On D’King’s wedding day, when they were fixing her up with fine clothes to marry the only man in the whole world who could throw her down, a bigmouth yellow woman from the north country come along….The yellow said she never been throwed by anybody…”We get D’King to han’le you,” And the wedding guests said…But D’King was a busy woman…The barbecue was cooked, George and the preacher waiting…George was her true love…

D’King told them to go tell that fool ‘oman she had no crow to pick with anybody anymore except George…She was not wrestling again until she was a married woman…but her father said, “You no ‘oman less you kin.”…Which made her courage rise up till she laid by her bridal veil and went out to throw the bigmouth yellow from the north country…She made one pass at her middle and threw her so hard she hit the ground like a shook apple…Before the woman could get up D’King was back in the house ready to marry the only man.

D’King and her good friend who was name Cassie Ann were the strongest niggers anywhere there is…They could stand in a half-bushel measure and shoulder three bushels of wheat…If D’King hestitated, her father said, “You no ‘oman less you kin.”…Then she lifted it without one word more.

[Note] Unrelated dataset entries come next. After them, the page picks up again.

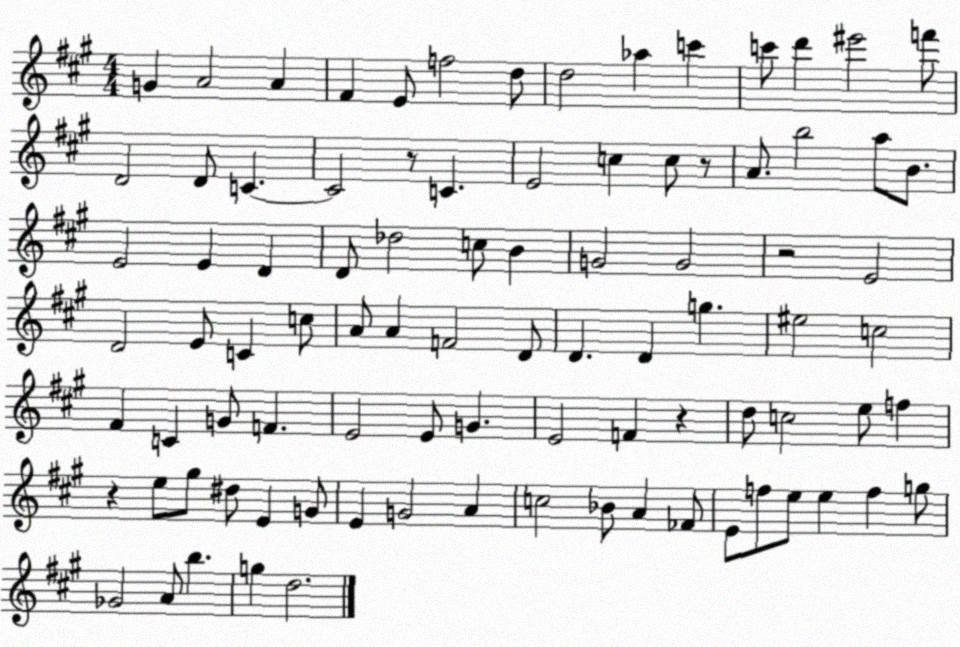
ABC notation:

X:1
T:Untitled
M:4/4
L:1/4
K:A
G A2 A ^F E/2 f2 d/2 d2 _a c' c'/2 d' ^e'2 f'/2 D2 D/2 C C2 z/2 C E2 c c/2 z/2 A/2 b2 a/2 B/2 E2 E D D/2 _d2 c/2 B G2 G2 z2 E2 D2 E/2 C c/2 A/2 A F2 D/2 D D g ^e2 c2 ^F C G/2 F E2 E/2 G E2 F z d/2 c2 e/2 f z e/2 ^g/2 ^d/2 E G/2 E G2 A c2 _B/2 A _F/2 E/2 f/2 e/2 e f g/2 _G2 A/2 b g d2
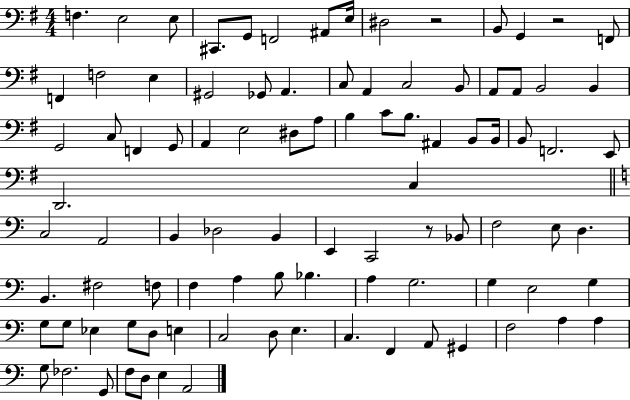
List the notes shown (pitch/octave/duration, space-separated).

F3/q. E3/h E3/e C#2/e. G2/e F2/h A#2/e E3/s D#3/h R/h B2/e G2/q R/h F2/e F2/q F3/h E3/q G#2/h Gb2/e A2/q. C3/e A2/q C3/h B2/e A2/e A2/e B2/h B2/q G2/h C3/e F2/q G2/e A2/q E3/h D#3/e A3/e B3/q C4/e B3/e. A#2/q B2/e B2/s B2/e F2/h. E2/e D2/h. C3/q C3/h A2/h B2/q Db3/h B2/q E2/q C2/h R/e Bb2/e F3/h E3/e D3/q. B2/q. F#3/h F3/e F3/q A3/q B3/e Bb3/q. A3/q G3/h. G3/q E3/h G3/q G3/e G3/e Eb3/q G3/e D3/e E3/q C3/h D3/e E3/q. C3/q. F2/q A2/e G#2/q F3/h A3/q A3/q G3/e FES3/h. G2/e F3/e D3/e E3/q A2/h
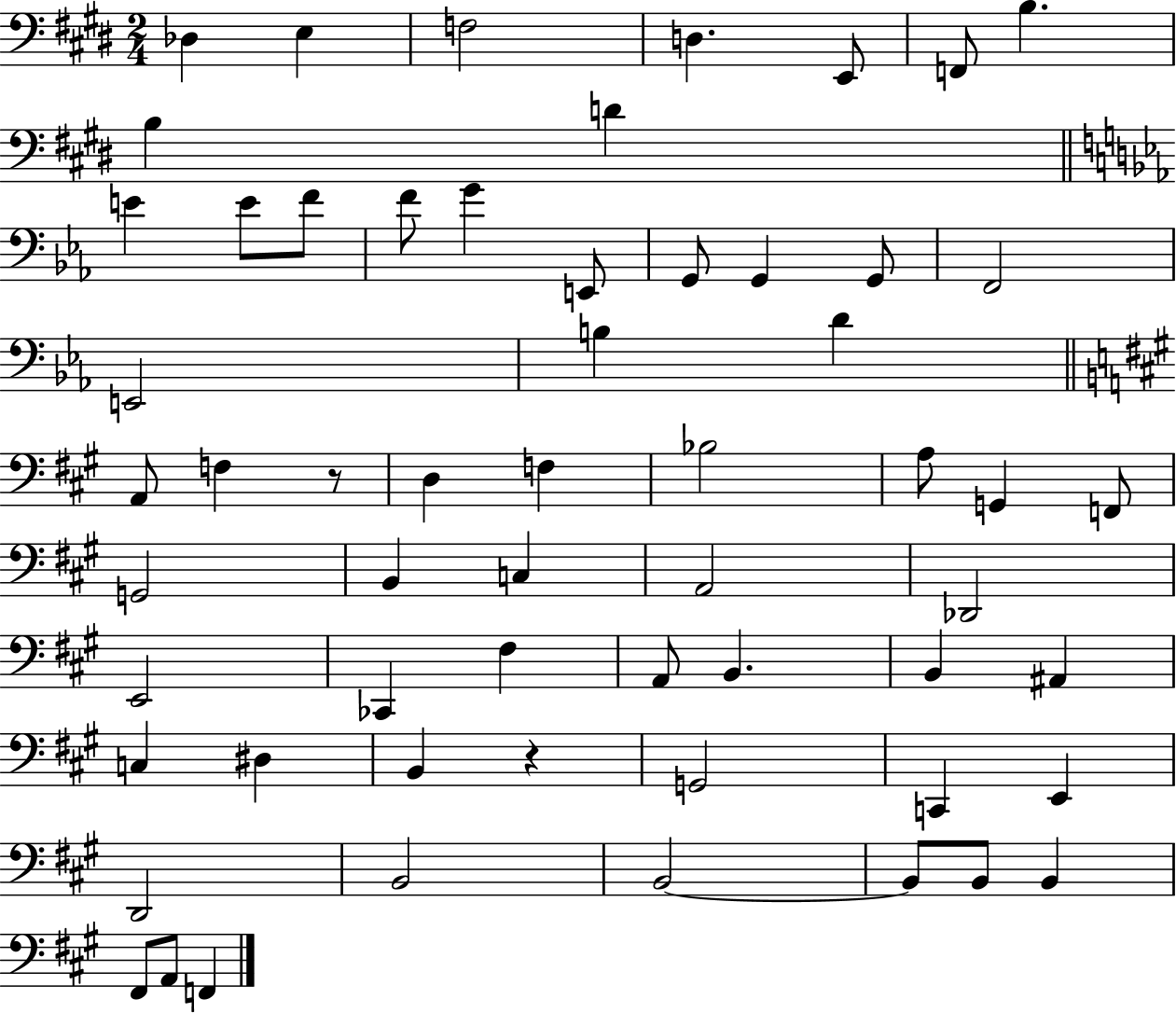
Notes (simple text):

Db3/q E3/q F3/h D3/q. E2/e F2/e B3/q. B3/q D4/q E4/q E4/e F4/e F4/e G4/q E2/e G2/e G2/q G2/e F2/h E2/h B3/q D4/q A2/e F3/q R/e D3/q F3/q Bb3/h A3/e G2/q F2/e G2/h B2/q C3/q A2/h Db2/h E2/h CES2/q F#3/q A2/e B2/q. B2/q A#2/q C3/q D#3/q B2/q R/q G2/h C2/q E2/q D2/h B2/h B2/h B2/e B2/e B2/q F#2/e A2/e F2/q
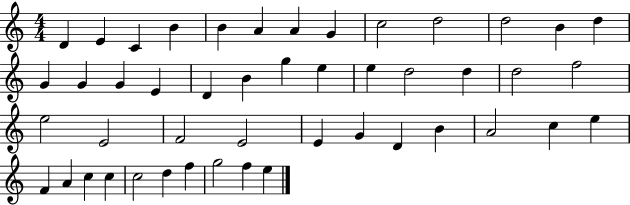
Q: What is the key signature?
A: C major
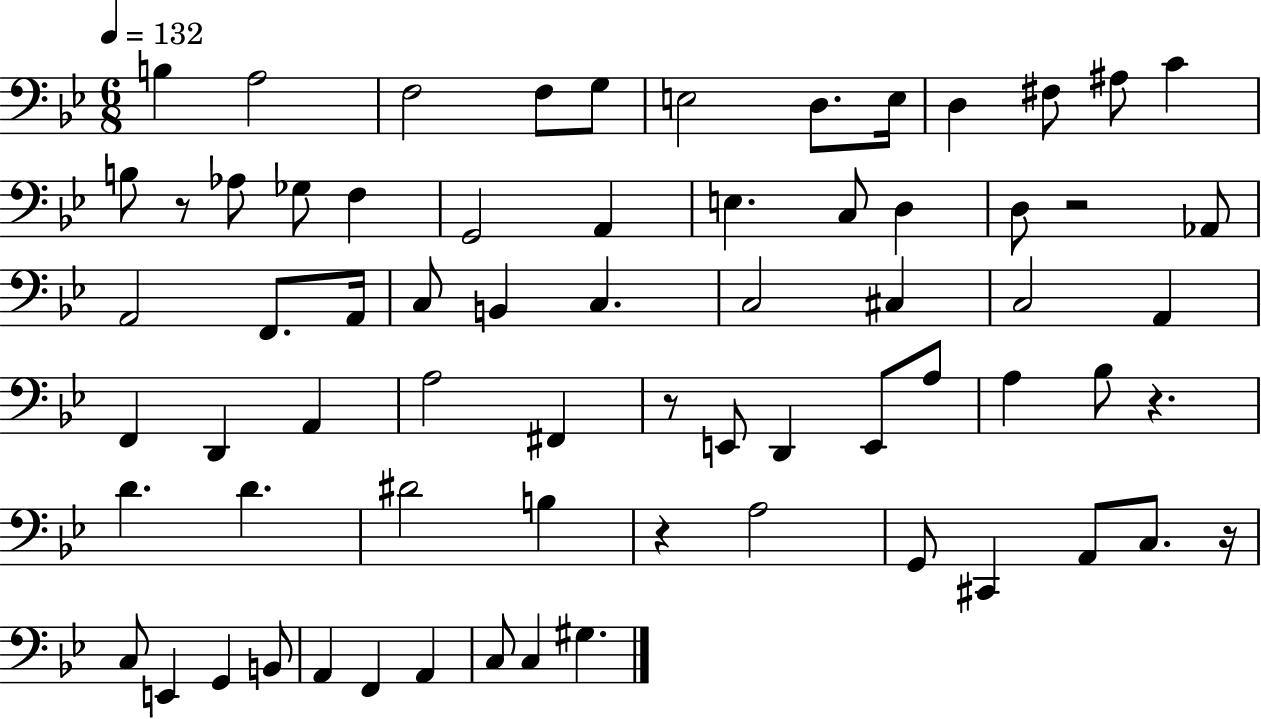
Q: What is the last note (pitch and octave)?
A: G#3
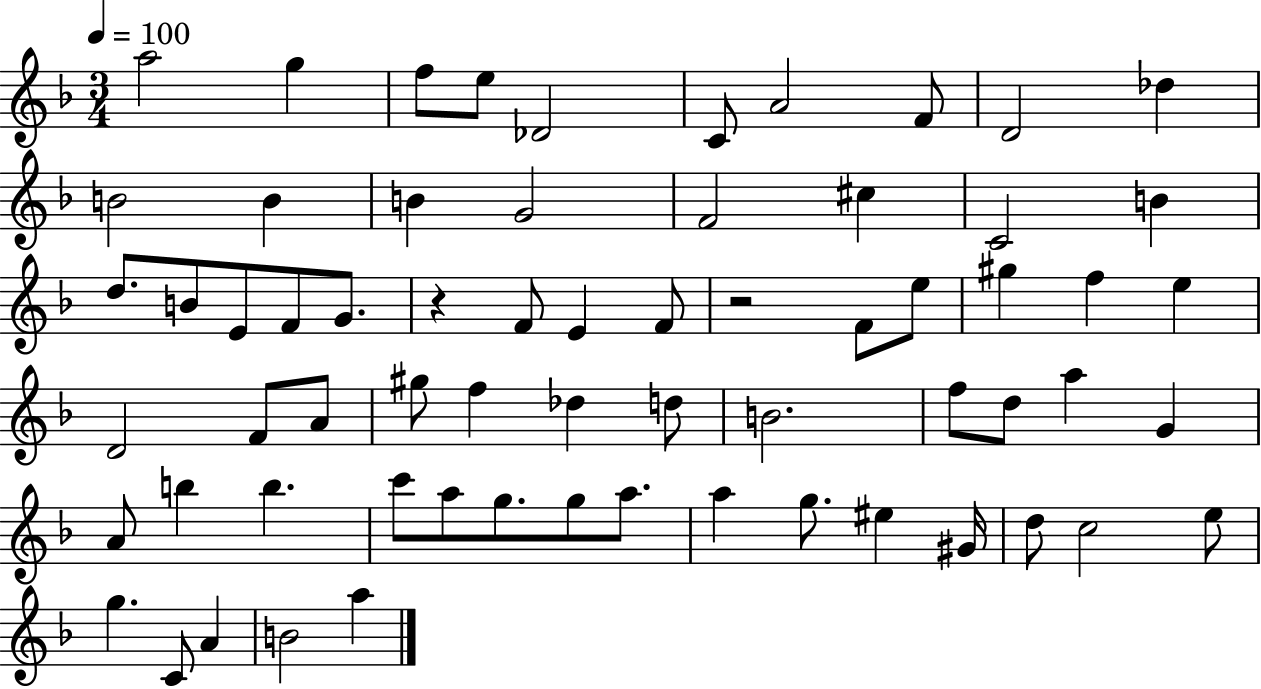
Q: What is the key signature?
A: F major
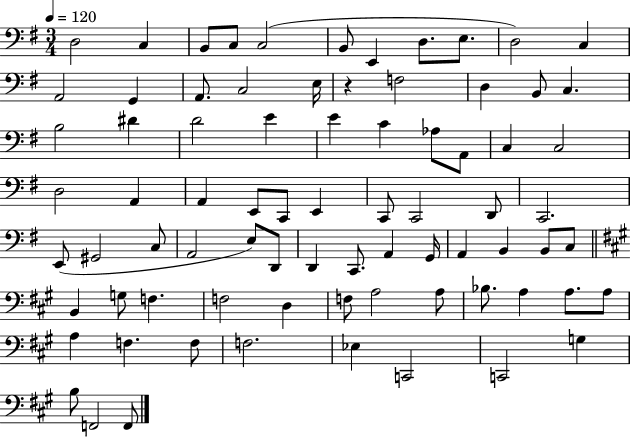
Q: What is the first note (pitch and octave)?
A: D3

She was the healthiest pickaninny slave down in Texas…It was because she got so much sugar to eat…And the way she got all the sugar was by busting her bare big toe against a rock and running to the Missus to medicine it with turpentine and sugar…D’King ate the sugar off the toe and got fat.

After her marriage to George Kimbrough, she settled down because George done her good…He never called her fool or liar like all the other nigger’s husbands who called their women everything but a cedar bush…The night of the wedding there was happy doings at the white folks’ house and D’King and George got so many chickens for presents they had to get two somebodies to help carry them home…They lived together many years doing good and having seven children… Of these she was proudest of a double-jointed nigger named Iz… Iz hit a Kentucky mule in the head with his fist once and the mule didn’t live any more.

That was the tale Aunt Alice told me on a yellow winter afternoon a long time ago—I saved it to tell when she died.

George and Alice also had a daughter named Jennie.  Jennie’s son, Iss William Brown is likely Iz’ namesake.